··· Task inputs ···

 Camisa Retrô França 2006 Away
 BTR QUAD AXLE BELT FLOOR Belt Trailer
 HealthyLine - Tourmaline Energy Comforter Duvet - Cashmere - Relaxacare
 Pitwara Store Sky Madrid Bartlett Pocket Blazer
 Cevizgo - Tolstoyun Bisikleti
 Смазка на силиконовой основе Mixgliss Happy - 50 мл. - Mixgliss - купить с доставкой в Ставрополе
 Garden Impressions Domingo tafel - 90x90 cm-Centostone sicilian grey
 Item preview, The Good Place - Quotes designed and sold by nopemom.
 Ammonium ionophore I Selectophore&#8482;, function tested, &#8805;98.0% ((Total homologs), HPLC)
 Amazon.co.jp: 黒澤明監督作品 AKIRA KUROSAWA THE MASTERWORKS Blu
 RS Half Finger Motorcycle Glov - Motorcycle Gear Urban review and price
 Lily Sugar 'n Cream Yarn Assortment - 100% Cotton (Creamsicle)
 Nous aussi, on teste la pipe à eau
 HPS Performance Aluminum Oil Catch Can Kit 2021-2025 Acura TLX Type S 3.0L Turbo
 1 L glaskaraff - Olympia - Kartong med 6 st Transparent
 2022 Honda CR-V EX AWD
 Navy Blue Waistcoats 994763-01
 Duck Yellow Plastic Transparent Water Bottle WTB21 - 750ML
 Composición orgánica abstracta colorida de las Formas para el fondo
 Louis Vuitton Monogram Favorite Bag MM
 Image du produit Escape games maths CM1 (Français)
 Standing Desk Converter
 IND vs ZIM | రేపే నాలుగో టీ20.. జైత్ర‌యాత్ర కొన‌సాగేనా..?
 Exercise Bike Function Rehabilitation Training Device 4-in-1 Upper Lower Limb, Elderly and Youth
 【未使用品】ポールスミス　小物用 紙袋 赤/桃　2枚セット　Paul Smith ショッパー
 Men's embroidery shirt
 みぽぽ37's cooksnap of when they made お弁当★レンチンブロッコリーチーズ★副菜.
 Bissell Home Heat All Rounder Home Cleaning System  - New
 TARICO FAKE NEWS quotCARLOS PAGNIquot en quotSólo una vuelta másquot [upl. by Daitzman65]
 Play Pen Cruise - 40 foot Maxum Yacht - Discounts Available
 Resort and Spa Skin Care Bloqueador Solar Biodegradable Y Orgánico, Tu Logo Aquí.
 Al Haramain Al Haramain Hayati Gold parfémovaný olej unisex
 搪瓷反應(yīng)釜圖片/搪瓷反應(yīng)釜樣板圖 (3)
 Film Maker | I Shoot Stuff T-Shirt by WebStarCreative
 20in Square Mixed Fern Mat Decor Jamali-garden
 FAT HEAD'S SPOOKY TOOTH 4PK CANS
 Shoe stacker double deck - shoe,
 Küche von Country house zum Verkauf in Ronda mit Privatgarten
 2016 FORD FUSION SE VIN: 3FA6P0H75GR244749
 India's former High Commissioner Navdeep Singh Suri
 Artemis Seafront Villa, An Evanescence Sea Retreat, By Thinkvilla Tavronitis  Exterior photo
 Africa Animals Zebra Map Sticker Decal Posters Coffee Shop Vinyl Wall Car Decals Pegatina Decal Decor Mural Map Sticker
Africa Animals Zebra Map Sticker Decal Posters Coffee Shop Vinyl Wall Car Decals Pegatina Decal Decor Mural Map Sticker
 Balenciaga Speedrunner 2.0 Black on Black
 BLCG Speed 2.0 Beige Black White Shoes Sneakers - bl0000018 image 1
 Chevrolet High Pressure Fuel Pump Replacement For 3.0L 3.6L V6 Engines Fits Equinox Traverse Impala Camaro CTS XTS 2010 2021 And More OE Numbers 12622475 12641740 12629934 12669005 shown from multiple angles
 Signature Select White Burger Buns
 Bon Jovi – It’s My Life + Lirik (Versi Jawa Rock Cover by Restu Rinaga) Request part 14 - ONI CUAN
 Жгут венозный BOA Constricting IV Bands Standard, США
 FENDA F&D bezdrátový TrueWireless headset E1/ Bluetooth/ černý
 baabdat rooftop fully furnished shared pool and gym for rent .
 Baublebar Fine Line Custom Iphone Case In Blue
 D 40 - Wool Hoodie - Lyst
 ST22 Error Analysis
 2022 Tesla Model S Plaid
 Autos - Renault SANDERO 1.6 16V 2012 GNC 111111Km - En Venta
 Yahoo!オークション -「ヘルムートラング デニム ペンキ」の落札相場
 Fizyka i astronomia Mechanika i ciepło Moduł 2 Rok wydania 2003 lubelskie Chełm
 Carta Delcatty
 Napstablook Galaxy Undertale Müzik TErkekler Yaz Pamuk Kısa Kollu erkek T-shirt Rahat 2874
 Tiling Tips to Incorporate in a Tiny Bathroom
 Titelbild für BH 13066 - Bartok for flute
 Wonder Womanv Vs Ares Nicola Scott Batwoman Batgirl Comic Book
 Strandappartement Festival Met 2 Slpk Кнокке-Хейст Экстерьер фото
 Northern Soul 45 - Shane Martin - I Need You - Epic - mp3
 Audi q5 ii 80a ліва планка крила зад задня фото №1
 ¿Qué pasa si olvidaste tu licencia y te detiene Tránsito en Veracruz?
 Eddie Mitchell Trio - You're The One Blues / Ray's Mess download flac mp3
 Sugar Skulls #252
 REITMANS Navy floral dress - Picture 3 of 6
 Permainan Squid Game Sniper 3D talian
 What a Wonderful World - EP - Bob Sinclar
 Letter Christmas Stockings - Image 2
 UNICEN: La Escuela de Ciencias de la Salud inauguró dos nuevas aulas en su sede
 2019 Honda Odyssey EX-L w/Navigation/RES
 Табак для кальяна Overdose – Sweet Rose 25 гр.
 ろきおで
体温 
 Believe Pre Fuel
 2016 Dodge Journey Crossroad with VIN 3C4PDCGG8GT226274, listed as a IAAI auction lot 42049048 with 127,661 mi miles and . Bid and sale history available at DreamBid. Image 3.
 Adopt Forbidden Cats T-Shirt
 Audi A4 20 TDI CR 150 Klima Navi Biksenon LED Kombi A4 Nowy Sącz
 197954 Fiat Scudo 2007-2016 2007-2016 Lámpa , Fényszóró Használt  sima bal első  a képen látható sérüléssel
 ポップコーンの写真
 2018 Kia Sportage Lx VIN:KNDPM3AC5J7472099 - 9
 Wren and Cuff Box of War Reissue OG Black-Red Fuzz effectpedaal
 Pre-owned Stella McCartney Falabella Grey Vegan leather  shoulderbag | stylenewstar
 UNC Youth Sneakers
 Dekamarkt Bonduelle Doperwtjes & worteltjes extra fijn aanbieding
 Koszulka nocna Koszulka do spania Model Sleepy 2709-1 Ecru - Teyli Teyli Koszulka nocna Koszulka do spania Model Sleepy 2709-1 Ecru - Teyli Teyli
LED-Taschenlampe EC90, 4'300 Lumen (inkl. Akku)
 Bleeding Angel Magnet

···

• Exercise prompt:
Scan the data above for the string "Wall" and copy each line where it appears.

• Solved problem:
 Africa Animals Zebra Map Sticker Decal Posters Coffee Shop Vinyl Wall Car Decals Pegatina Decal Decor Mural Map Sticker
Africa Animals Zebra Map Sticker Decal Posters Coffee Shop Vinyl Wall Car Decals Pegatina Decal Decor Mural Map Sticker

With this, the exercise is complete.